モンテネグロ政府は、主要港湾であるバール港の部分民営化を推進する方針だ。現時点で中国及びアラブ圏の投資家が関心を示している。モンテネグロは過去にも同港の民営化を試みたものの、白紙に戻した経緯がある。
ヌルコヴィッチ交通相によると、政府は港湾運営会社の中核事業のみを民営化する方針。規模や入札日程などの詳細は明らかにされていない。
セルビア政府は昨年12月、バール港運営会社の株式30%を入札にかけた。ポーランドのOTロジスティクスが唯一応札し、852万ユーロ(1,000万米ドル)で落札した。同社は翌1月、鉄道貨物輸送会社モンテカーゴの51%の民営化入札にも参加。他社からの応札がなかったため250万ユーロ(プラス1,745万ユーロの投資)で落札した。
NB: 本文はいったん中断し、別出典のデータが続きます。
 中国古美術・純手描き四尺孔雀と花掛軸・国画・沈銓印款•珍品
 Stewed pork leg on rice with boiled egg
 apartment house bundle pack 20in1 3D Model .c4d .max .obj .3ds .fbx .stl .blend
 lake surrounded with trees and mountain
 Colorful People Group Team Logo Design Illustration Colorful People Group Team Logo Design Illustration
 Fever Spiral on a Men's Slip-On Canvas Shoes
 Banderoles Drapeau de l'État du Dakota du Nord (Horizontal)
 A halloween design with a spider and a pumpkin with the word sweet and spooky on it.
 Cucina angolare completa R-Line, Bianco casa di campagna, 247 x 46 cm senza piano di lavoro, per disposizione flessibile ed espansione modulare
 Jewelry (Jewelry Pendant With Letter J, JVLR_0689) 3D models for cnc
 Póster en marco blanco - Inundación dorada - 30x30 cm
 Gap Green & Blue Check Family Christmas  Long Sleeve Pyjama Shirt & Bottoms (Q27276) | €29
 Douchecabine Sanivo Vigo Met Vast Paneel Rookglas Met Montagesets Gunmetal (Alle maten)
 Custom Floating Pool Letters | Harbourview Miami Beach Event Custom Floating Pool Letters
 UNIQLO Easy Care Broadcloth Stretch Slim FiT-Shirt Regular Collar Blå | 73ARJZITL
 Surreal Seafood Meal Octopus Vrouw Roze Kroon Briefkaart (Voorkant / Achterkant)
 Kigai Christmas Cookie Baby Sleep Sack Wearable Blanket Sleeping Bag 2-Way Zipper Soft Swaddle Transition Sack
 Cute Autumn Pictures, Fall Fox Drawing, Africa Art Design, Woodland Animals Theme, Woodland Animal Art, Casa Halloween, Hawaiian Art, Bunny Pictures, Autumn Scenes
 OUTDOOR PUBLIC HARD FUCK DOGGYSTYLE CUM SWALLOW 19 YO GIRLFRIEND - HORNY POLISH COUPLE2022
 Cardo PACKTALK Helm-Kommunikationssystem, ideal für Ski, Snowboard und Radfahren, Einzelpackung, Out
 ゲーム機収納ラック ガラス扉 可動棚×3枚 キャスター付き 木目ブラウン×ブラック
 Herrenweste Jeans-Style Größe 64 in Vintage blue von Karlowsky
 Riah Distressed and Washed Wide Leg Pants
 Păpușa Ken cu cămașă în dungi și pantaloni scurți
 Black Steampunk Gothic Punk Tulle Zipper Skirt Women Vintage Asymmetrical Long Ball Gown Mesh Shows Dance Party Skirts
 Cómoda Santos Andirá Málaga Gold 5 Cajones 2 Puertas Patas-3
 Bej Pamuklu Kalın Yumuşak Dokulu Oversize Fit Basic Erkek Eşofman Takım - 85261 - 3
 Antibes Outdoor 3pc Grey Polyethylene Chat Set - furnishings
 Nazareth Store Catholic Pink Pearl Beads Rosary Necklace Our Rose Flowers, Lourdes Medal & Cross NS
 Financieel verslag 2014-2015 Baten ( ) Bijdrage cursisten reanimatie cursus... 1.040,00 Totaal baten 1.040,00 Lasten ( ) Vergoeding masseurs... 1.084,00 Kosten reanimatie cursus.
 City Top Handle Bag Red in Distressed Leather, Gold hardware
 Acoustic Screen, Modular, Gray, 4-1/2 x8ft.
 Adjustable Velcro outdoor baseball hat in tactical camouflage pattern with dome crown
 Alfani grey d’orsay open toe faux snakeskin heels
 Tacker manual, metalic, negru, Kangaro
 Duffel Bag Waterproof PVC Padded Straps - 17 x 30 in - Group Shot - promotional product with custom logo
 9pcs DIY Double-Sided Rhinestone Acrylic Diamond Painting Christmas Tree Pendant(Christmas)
しかし、政府は今年4月、民営化の方式が政府に不利だとし、バール港とモンテカーゴの両方についてOTロジスティクスとの交渉を打ち切った。
バール港はアドリア海に面する海港だが、陸上輸送インフラの不備が成長の足かせとなっている。中国は対中欧輸出の中継地として同港に注目しているもようだ。中国政府系のインフラ建設会社、中国路橋工程(CRBC)はすでに、バールとセルビア国境を結ぶバール・ボリャレ高速道路(全長164キロメートル)の建設を受注し、工事を進めている。また、セルビア政府は今年5月、この高速道とベオグラードと結ぶボリャレ~ベオグラード高速道のプレリナ~ポジェガ区間とポジェガ~ボリャレ区間(合計全長140キロメートル)をCRBCに発注することで同社と基本合意している。